## WHAT YOU SHOULD DO
Repeat the data below word for word.

□ □ □ □ □ □ □

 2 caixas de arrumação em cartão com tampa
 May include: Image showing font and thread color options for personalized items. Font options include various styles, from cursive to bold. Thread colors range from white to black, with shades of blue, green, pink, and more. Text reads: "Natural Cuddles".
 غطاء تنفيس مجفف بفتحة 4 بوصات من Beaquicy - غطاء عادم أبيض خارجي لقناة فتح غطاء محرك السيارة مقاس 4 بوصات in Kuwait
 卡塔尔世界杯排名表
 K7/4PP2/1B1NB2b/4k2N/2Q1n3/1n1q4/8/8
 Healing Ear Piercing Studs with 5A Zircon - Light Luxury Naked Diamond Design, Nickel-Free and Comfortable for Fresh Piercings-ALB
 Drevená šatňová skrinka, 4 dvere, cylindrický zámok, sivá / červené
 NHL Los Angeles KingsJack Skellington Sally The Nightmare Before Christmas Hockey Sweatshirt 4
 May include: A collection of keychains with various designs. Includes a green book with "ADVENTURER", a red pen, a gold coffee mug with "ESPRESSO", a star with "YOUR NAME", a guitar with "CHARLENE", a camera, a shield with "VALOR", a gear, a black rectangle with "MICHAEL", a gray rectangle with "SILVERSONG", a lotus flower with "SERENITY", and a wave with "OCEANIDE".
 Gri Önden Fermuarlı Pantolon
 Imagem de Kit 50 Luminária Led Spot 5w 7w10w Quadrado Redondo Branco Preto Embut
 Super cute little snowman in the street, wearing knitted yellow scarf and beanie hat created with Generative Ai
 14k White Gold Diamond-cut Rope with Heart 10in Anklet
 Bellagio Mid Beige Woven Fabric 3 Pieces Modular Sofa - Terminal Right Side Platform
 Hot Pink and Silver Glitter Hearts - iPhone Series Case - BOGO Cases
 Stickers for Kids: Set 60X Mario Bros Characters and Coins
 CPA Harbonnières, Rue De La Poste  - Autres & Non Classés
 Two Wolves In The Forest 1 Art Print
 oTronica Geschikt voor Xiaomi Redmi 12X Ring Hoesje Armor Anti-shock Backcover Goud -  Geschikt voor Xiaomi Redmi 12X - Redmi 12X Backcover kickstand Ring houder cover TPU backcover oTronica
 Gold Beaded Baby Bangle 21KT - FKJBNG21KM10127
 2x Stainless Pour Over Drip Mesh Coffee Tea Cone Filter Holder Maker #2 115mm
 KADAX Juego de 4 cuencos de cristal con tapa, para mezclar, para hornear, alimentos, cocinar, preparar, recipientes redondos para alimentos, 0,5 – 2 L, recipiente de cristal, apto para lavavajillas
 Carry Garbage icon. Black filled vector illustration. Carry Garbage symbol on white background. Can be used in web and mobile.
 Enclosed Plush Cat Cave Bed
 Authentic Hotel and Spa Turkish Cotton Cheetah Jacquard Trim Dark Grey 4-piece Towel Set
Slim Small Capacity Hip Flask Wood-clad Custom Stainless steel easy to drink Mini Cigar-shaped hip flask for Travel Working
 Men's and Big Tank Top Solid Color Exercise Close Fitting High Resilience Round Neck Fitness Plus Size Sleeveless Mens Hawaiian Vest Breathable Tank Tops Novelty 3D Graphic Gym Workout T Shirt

□ □ □ □ □ □ □

## OUTPUT
 2 caixas de arrumação em cartão com tampa
 May include: Image showing font and thread color options for personalized items. Font options include various styles, from cursive to bold. Thread colors range from white to black, with shades of blue, green, pink, and more. Text reads: "Natural Cuddles".
 غطاء تنفيس مجفف بفتحة 4 بوصات من Beaquicy - غطاء عادم أبيض خارجي لقناة فتح غطاء محرك السيارة مقاس 4 بوصات in Kuwait
 卡塔尔世界杯排名表
 K7/4PP2/1B1NB2b/4k2N/2Q1n3/1n1q4/8/8
 Healing Ear Piercing Studs with 5A Zircon - Light Luxury Naked Diamond Design, Nickel-Free and Comfortable for Fresh Piercings-ALB
 Drevená šatňová skrinka, 4 dvere, cylindrický zámok, sivá / červené
 NHL Los Angeles KingsJack Skellington Sally The Nightmare Before Christmas Hockey Sweatshirt 4
 May include: A collection of keychains with various designs. Includes a green book with "ADVENTURER", a red pen, a gold coffee mug with "ESPRESSO", a star with "YOUR NAME", a guitar with "CHARLENE", a camera, a shield with "VALOR", a gear, a black rectangle with "MICHAEL", a gray rectangle with "SILVERSONG", a lotus flower with "SERENITY", and a wave with "OCEANIDE".
 Gri Önden Fermuarlı Pantolon
 Imagem de Kit 50 Luminária Led Spot 5w 7w10w Quadrado Redondo Branco Preto Embut
 Super cute little snowman in the street, wearing knitted yellow scarf and beanie hat created with Generative Ai
 14k White Gold Diamond-cut Rope with Heart 10in Anklet
 Bellagio Mid Beige Woven Fabric 3 Pieces Modular Sofa - Terminal Right Side Platform
 Hot Pink and Silver Glitter Hearts - iPhone Series Case - BOGO Cases
 Stickers for Kids: Set 60X Mario Bros Characters and Coins
 CPA Harbonnières, Rue De La Poste  - Autres & Non Classés
 Two Wolves In The Forest 1 Art Print
 oTronica Geschikt voor Xiaomi Redmi 12X Ring Hoesje Armor Anti-shock Backcover Goud -  Geschikt voor Xiaomi Redmi 12X - Redmi 12X Backcover kickstand Ring houder cover TPU backcover oTronica
 Gold Beaded Baby Bangle 21KT - FKJBNG21KM10127
 2x Stainless Pour Over Drip Mesh Coffee Tea Cone Filter Holder Maker #2 115mm
 KADAX Juego de 4 cuencos de cristal con tapa, para mezclar, para hornear, alimentos, cocinar, preparar, recipientes redondos para alimentos, 0,5 – 2 L, recipiente de cristal, apto para lavavajillas
 Carry Garbage icon. Black filled vector illustration. Carry Garbage symbol on white background. Can be used in web and mobile.
 Enclosed Plush Cat Cave Bed
 Authentic Hotel and Spa Turkish Cotton Cheetah Jacquard Trim Dark Grey 4-piece Towel Set
Slim Small Capacity Hip Flask Wood-clad Custom Stainless steel easy to drink Mini Cigar-shaped hip flask for Travel Working
 Men's and Big Tank Top Solid Color Exercise Close Fitting High Resilience Round Neck Fitness Plus Size Sleeveless Mens Hawaiian Vest Breathable Tank Tops Novelty 3D Graphic Gym Workout T Shirt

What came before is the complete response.